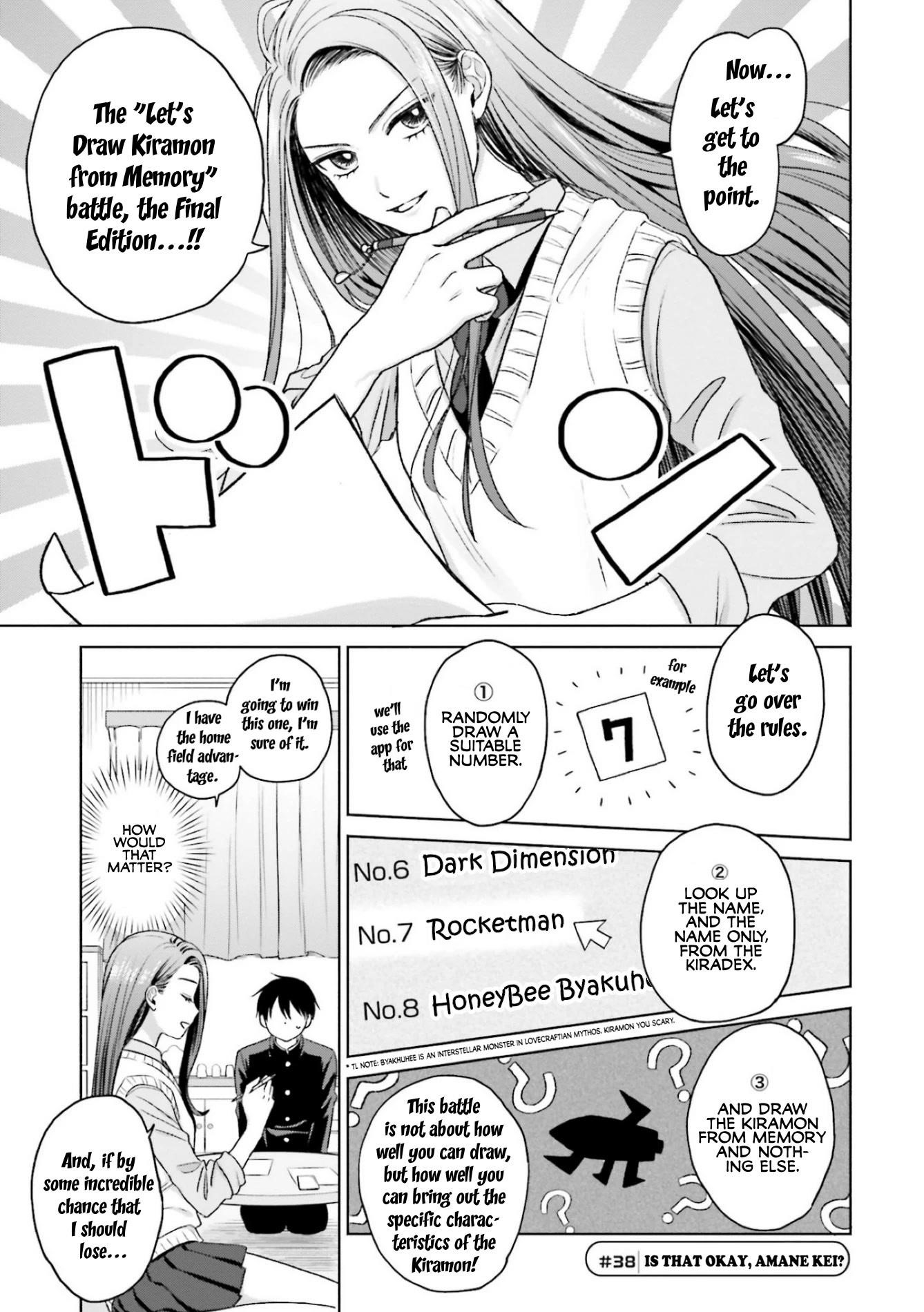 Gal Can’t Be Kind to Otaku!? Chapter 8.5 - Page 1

..........

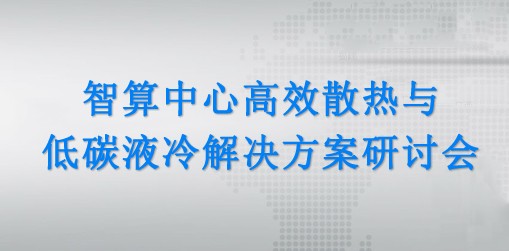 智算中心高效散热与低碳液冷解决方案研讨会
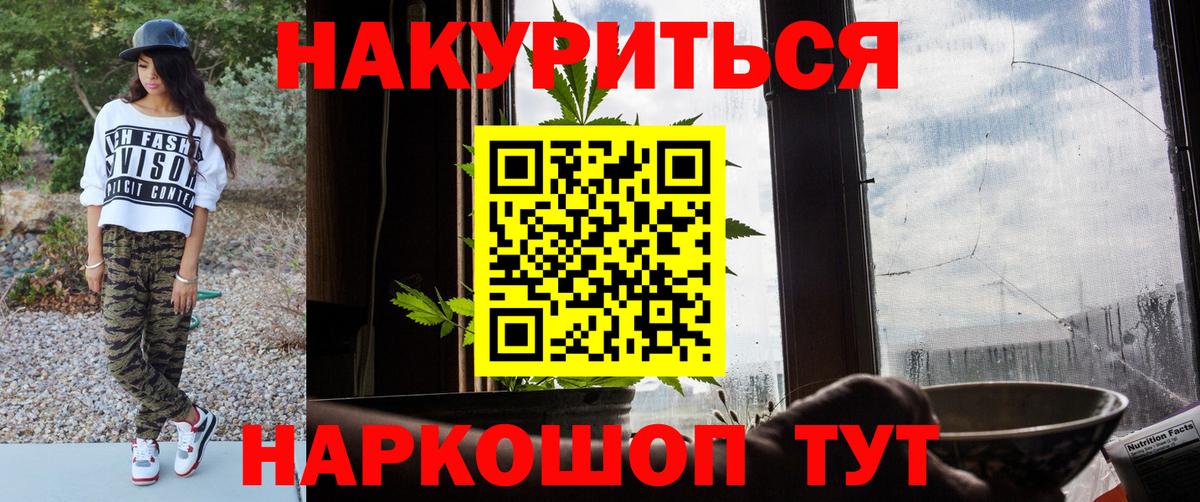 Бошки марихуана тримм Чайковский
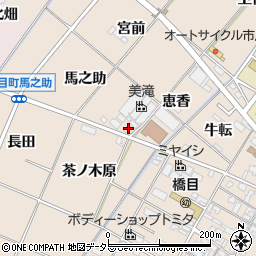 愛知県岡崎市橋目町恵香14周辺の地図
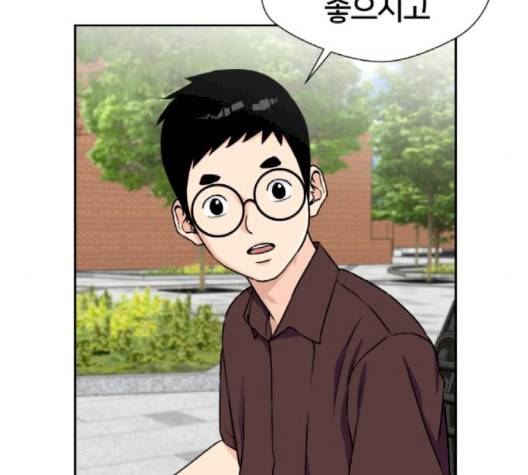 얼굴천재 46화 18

..........

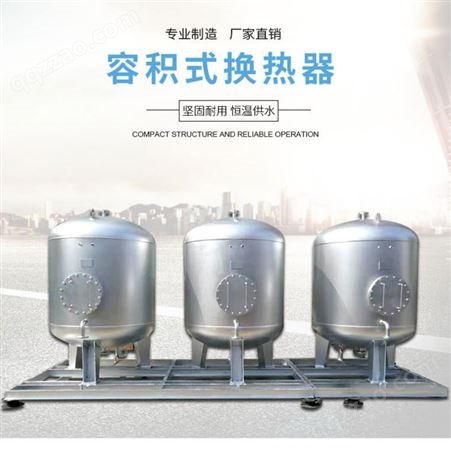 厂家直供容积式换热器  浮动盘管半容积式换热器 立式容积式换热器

..........

Working from the entries above, reproduce exactly and only the lines beginning with the line that has "智算中心高效散热与低碳液冷解决方案研讨会" and ending with the line that has "얼굴천재 46화 18"; omit all pictures.

 智算中心高效散热与低碳液冷解决方案研讨会
 Бошки марихуана тримм Чайковский
 愛知県岡崎市橋目町恵香14周辺の地図
 얼굴천재 46화 18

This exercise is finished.